To obtain more accurate results from the analysis, several aspects of circuit functionality should be considered. One major source of discrepancy comes from the bus design style in which many tri-state outputs are driving a bus net. Since only one tri-state output is normally activated in real operation, such cases are handled by assuming strongest of all bus drivers is switching, thus ensuring that the worst case is analyzed and the results are conservative. In addition, the logic and timing correlation information is used to improve the accuracy of the analysis significantly. As an example, the fact that the logic values of flip-flop outputs are normally complementary can be used as logic correlation information. The timing information could be used to set up proper stimulus for the drivers.

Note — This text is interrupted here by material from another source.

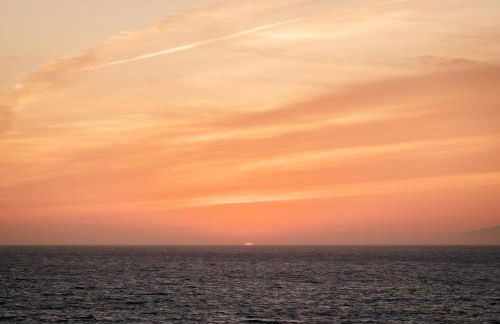 New Listing The Nautilus Manhattan Beachfront Retreat - Foto 1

To illustrate the impact of crosstalk, interconnect circuits corresponding to different lengths of coupled wires implemented in a 0.25 \( \mu \)m technology are analyzed to predict the peak glitch. Figure 1 shows the simple test case. Table 1 shows the length of coupled wires used in the tested interconnect circuits and the corresponding peak glitch value. The peak glitch increases as the coupled length becomes larger.

Similarly, we compared the interconnect delays calculated with and without the effect of coupling capacitances. The coupling capacitances are considered as grounded for the decoupled case. The delays with coupling are computed at the worst case condition where the aggressors are switching in the opposite direction to the victim net. As shown in Table 2, the deterioration of the delays is significant. Similarly, optimistic delay values can be obtained if the aggressor nets are switching in the same direction as the victim nets.

<table>
<thead>
<tr>
<th>ckt</th>
<th>Rise delay without coupling</th>
<th>Rise delay with coupling</th>
<th>Fall delay without coupling</th>
<th>Fall delay with coupling</th>
</tr>
</thead>
<tbody>
<tr>
<td>ck1</td>
<td>0.001 ns</td>
<td>0.001 ns</td>
<td>0.001 ns</td>
<td>0.001 ns</td>
</tr>
<tr>
<td>ck2</td>
<td>0.034 ns</td>
<td>0.056 ns</td>
<td>0.032 ns</td>
<td>0.060 ns</td>
</tr>
<tr>
<td>ck3</td>
<td>0.120 ns</td>
<td>0.231 ns</td>
<td>0.123 ns</td>
<td>0.234 ns</td>
</tr>
<tr>
<td>ck4</td>
<td>0.483 ns</td>
<td>0.907 ns</td>
<td>0.496 ns</td>
<td>0.928 ns</td>
</tr>
</tbody>
</table>

Table 1: Coupled wire length and glitch

An overview of the signal integrity problems and some solutions is presented in [15] and [16]. A technique to account for logic correlations between coupled signals is discussed in [17]. Analytical models for crosstalk are discussed in [2], [18].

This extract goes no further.